Maybe my calculations are off.
Stop the handouts to these
Stop the handouts to the destructive polluting industries:
oil, gas, mining and timber!
I also nearly fell out of my chair yesterday hearing that Sean Parnell is giving MORE state land and 700,000. of stimulus money to the timber industry! This industry has already caused tremendous damage in our state, and this "handout" will only encourage out of state loggers to move to Alaska!
I want to see investment & encouragement go to the non-destructive industries. Our State must consider climate change and how our investments will impact it. Remember we are at Ground Zero for climate change. We have to course correct.
And our Forests are one of the single most COST EFFECTIVE ways to combat Global Warming. The Timber industry is trying to FALL Flat on its face yet STILL some folks are trying to hold it up with handouts??? Good grief!!
And more drilling is not an answer it will only keep us on our current destructive path.
We should promote conservation and change the ways we use energy and encourage non-destructive, non-polluting industries to move here.
******Our state MUST COURSE CORRECT TODAY ******
Why should the oil companies want hire Alaskans ?
If I were an oil company I would not hire Alaskans. Who in their right mind would hire some Alaskan who may actually may care about what happens on the North Slope, then goes home to some Alaska town and talks to their friends and neighbors about what is taking place or not taking place on the North Slope. But that is more the legislators can wrap their minds around or for the brighter ones --- want to wrap their minds around.
The oil companies have prosing local hire for the last 40 years and it has not happed yet.
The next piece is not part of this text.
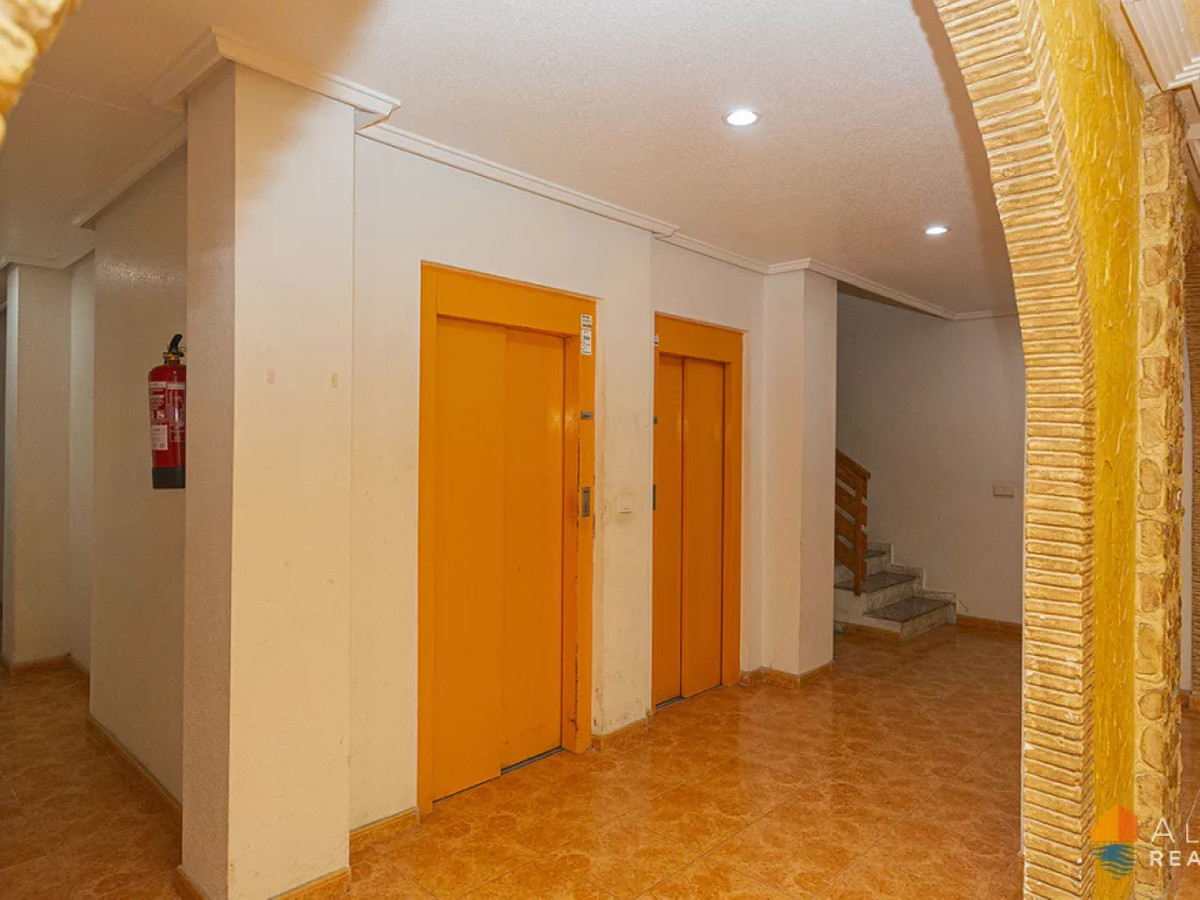 ShowFeedImage Apartment – Penthouse in Torrevieja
The Oil Companies promised native hire on the construction TAPS as condition of being allowed to construct TAPS that did not happen by the oil companies own admission. So the oil companies promised native hire when the corroded gathering system was replaced. That did not happen either. The oil were even going to train the natives they didn’t. The gathering system corroded because they hired someone to see that necessary measures to inhibit corrosion were not taken. The corrosion inhibitors were never inject into the lines to prevent the the corrosion.
The oil companies made money by allowing the corrosion to take place just as they plan to make money in continuing to allow TAPS to corrode.
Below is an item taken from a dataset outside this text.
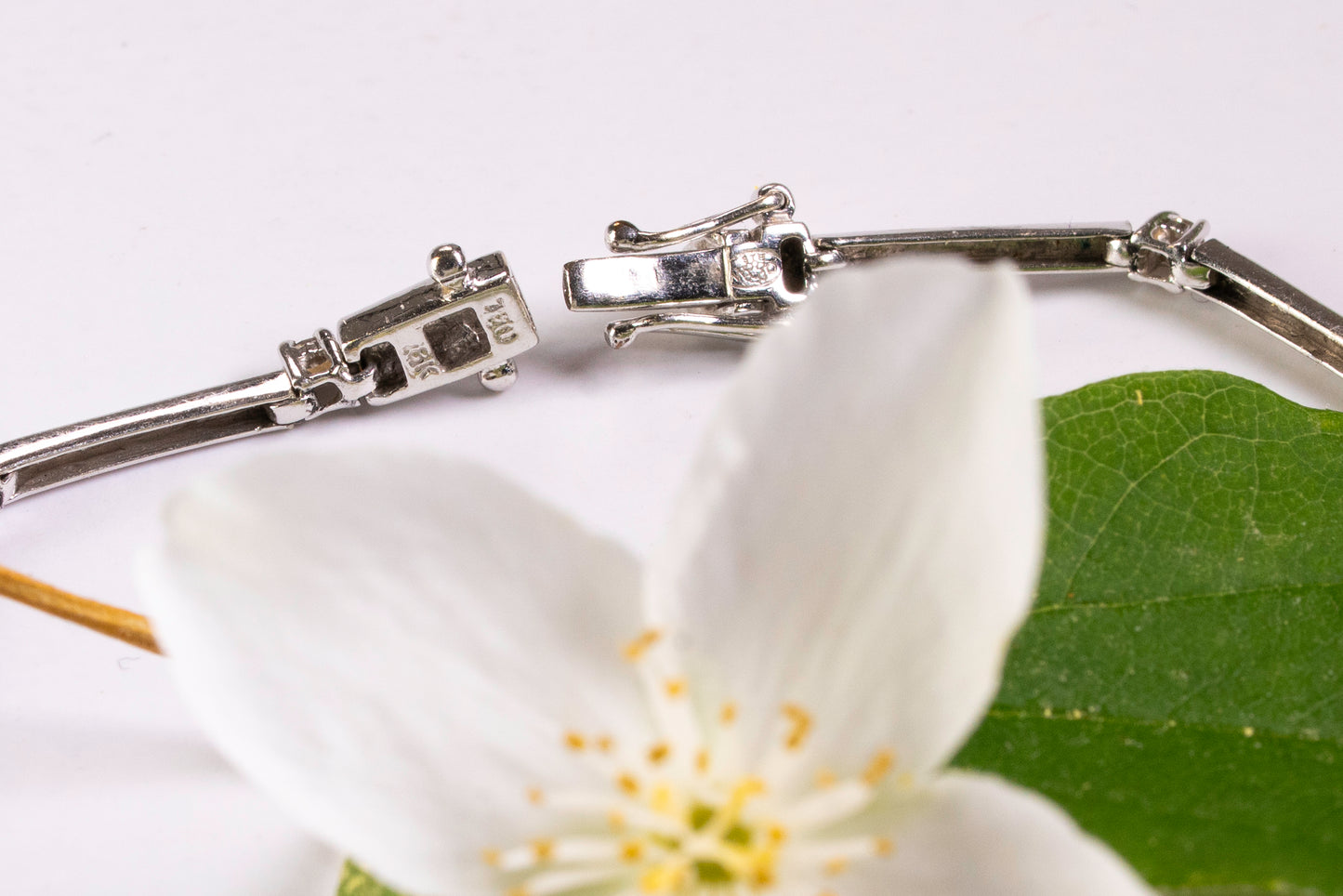 Bracelet Bâtons Or Blanc 18k et Diamants, Double Sécurité Huit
Alaska oil tax credits are far too generous.
Sen. Giessel from Anchorage is just another republican oil company shill like Parnell and most republicans. Selling out is what republicanism is all about whether it is state, local or federal.
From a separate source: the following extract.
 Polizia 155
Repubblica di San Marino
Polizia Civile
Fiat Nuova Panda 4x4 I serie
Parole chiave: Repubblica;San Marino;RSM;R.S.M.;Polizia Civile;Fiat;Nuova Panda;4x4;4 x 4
The oil companies make the excuse that cannot find qualified Alaskans yet the oil companies do not provide schools to train Alaskans for those jobs. The Legislature need to place and additional tax of one percent on oil production to provide State schools to train Alaskans for oil field jobs that oil companies say that they cannot find qualified Alaskans.
The only way to get Alaska hire is to tax the oil companies more and use the taxes for State of Alaska infrastructure projects where the State can train and hire Alaskans.
Icome Tax
Why not put an income tax in place for out of state residents? It would make it more attractive to relocate to Alaska.
I am for an income tax. I
I am for an income tax and lets build Casinos and make our state a first rate tourist attraction.
I would rather see this than what Parnell is doing!
Ca$ino$
Casinos is an interesting concept. I wouldn't be opposed to that.
But, back to the subject, I can see giving $5 - $10 million in incentives to oil companies to hire locally. But $2 BILLION?!?
TWO BILLION DOLLARS?!?
This is nothing more than a giveaway from Parnell, our republican governor, to his buds in the oil industry who keep him in their pocket.
ACES is working! Leave it alone! Don't lower ANY oil taxes without proof of an increase in production or local hire!
Parnell/Tax Breaks
Can you spell "[filtered word]?" I can....
Parnell/Tax breaks
"Filtered Word" refers to one who sells their body and soul, for money.
To Filtered Word , When you
To Filtered Word , When you prostitute or sell some else’s assets it is called pimping. Parnell is a pimp. Parnell is prostituting resources.
Words
OkeyDoke...I stand corrected...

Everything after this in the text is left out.